My dad was a Baptist Minister. His first appointment was in Bacup, Lancashire, a black and white ex mining town where colour hadn’t yet been invented.

He was approached one day by one of his deacons with this wonderful advice for the coming years: “It’s lovely to have you here, Mister Cooke, but make sure you keep yourself ‘umble and we’ll definitely keep you poor!”

Never a true word; I think I do remember those early days of genuine humility from both my mother and father whilst juggling the promise of church poverty and trying to bring up two small children. I think it was the fungi growing freely through the kitchen floor that may well have been a clue. A place where the mice would leave for better spoils, with copious amounts of hot and cold water…………. running down the walls!

But the idea of being Humble and Poor is something I think most musicians, artists and creatives believe will be their default throughout their lives. There are tales of certain people out there who believe they will be rich, famous, affluent, generous and then become far too rich.  But most entering the performing portals simply want to be there for the sake of it and not the riches that so often elude and dissipate before even a subtle whiff is detected.

I certainly started out with the idea that as long as I did my six to eight hours a day practicing scales and ever increasingly difficult exercises on the guitar, I would be fine. I was living at home.  No expense spent. All costs covered by the Bank of M&D with assumptions taking place on a regular basis that this was as it should be.

One day my dad, who had been a musician and football player before God got him, suggested that I try to make it work elsewhere and leave home. He later denied that he said this but leave I did, saying I’d been ‘kicked out’.
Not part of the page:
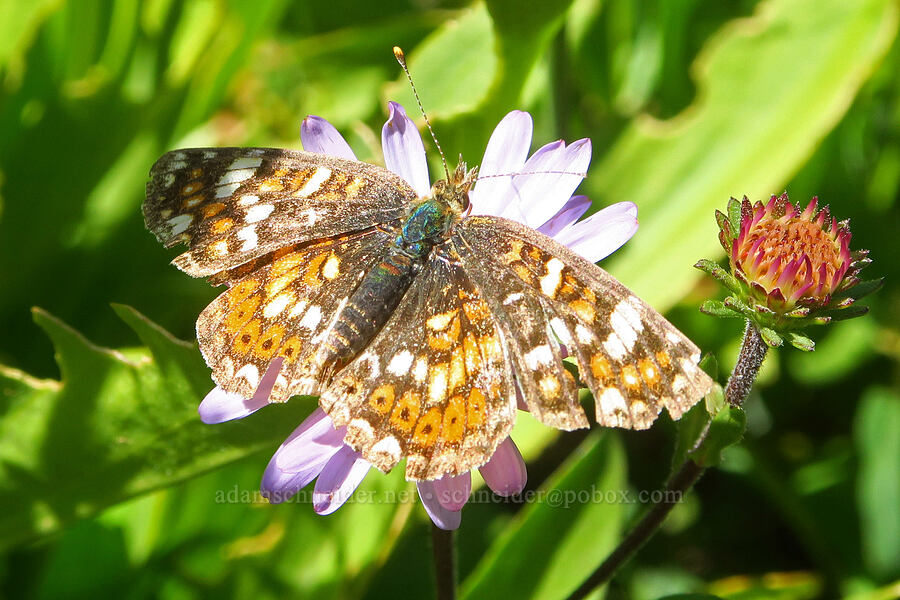 field crescent butterfly (Phyciodes pulchella) [east of Wildhorse Lake, Steens Mountain, Harney County, Oregon]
With a few pots and pans, a couple of bedsheets and a towel or two, I moved into the top floor of an off license in Highbury Islington. Two rooms with no kitchen, a bathroom of sorts and a very smelly dog that lived in the shop downstairs often leaving his savoury deposits on my stairs. This was a true definition of humility and poverty which, despite the few hours I dared spend there practicing and avoiding the lice, became affectionately known as the first place on my own. I think we all thought this was the way it should be. Fame and prosperity would arrive by surprise with the first hit song so meanwhile we should continue plodding on, getting those chops in better shape and ignoring the smells.
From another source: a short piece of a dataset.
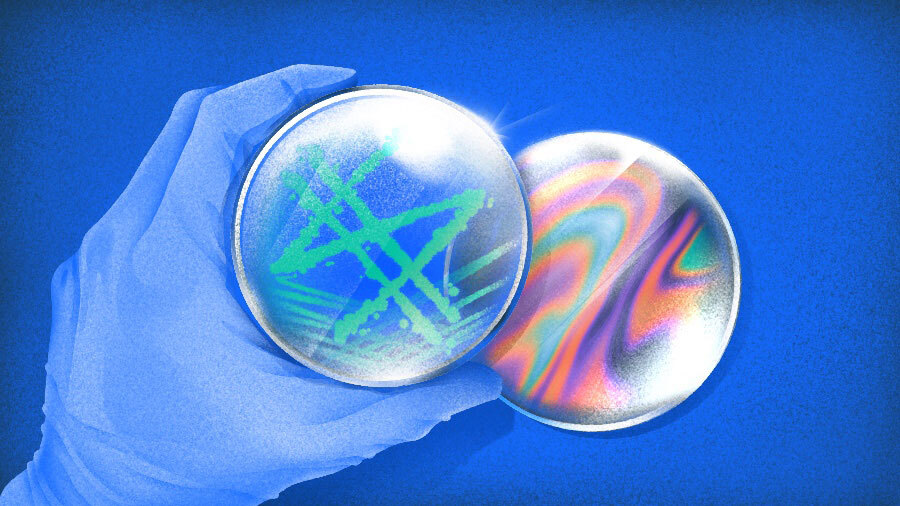 Illustration of petri dish with psychedelic dollar sign and swirls.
From one house share to another, each time moving slightly further up the poverty scale where finally I could afford to buy a few nice things around the hideous furnishings we’d agreed to accommodate that the landlords thought appropriate and worth the deposit.

I then pulled my first MD job on TV. It was a funs show that I’ve already written about called The Sunday Gang. Probably the most important reason why this was a game changer was that this is where I met someone. This someone while remaining humble certainly wasn’t poor. She had her own apartment in a trendy part of Chiswick as well as her own car, furniture and fittings; And we became friends. She was a well-established actress doing TV, film and advertising and getting in a few shillings for her valuable time. I, on the other hand, was still ‘developing my art’. I was asked to write and record a score for an original theatre play called “The Tree that Woke Up” by the esteemed writer Murray Watts. It was medieval in character including songs and some great opportunity to write some worthy ‘Olde Worlde’ underscore. Half way through the recording process we ran out of money and found we couldn’t complete the mixes for the opening night. We were trying to work out exactly how we could salvage the music and get something onto the master tape that we could eventually play in the theatre. My friend walked in and quietly yet confidently showed me her latest royalty cheque which certainly was in excess of four figures and immediately offered to underpin the entire recording and production of the score. We managed to get this to the stage in one piece and on time with everything paid for thanks to my lovely friend and, soon to be, first wife of many years.

Stay humble and poor as and when it helps the process, strive for riches that aren’t necessarily financial and if a few shillings come your way, celebrate, but with humility!